Into this scenario comes Chloe (Amanda Seyfried), a young call girl with kewpie-doll features and hourglass curves who crosses paths with Catherine in a restaurant-restroom meet-cute that, by the film's related final shot, has taken on a decidedly Hitchcockian air. A few plot machinations later, Catherine is hiring Chloe to hit on her husband as a test of his fidelity, but the unintended consequences of this transaction leads Chloe even deeper into unsettled family waters.
Egoyan is perhaps best known for what is still his best film, 1997's brilliant Russell Banks adaptation The Sweet Hereafter, and he built to that achievement with a series of cerebral, low-key Canadian features (seek out Family Viewing) populated by a recurring cast of little-known actors (including his wife, Arsinée Khanjian). Egoyan's previous film, last year's under-recognized Adoration, was a return to his early style. But Chloe goes the opposite route. It's his glitziest project yet and with his highest-wattage cast: a couple of Oscar nominees (Neeson and Moore) and an "It Girl" ingénue (Seyfried, fresh from Big Love and Mamma Mia! and current Glamour cover subject).
It also hews somewhat closer to its Hollywood B-movie premise than Exotica did. There's real pulpy drive here — the sexual material is legitimately hot whereas Exotica is always cool — and if the climax doesn't quite descend into the mad violence Hollywood always finds with theses stories, it's certainly more contrived than you expect from Egoyan's work. And the plot twists — while effective and true to the story's real emotional and intellectual underpinning — are a bit straighter than Egoyan's norm.
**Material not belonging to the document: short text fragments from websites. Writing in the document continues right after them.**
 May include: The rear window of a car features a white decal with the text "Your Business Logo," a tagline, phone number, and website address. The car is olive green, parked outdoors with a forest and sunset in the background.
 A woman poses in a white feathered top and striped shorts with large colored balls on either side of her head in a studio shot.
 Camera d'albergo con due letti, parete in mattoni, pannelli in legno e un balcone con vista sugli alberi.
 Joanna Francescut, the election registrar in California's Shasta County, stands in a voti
There's something glassy and robotic about Seyfried's performance, but it seems less shaky acting than an intentional effect. Chloe is less like a real person than something conjured, a manifestation of the various sexual tensions roiling under the calm surfaces of this family home. Or maybe it's partly because the young actress isn't quite up to matching scenes with Moore, who delivers perhaps her most interesting performance in years, both more controlled and more daring than her overpraised supporting work in last year's A Single Man.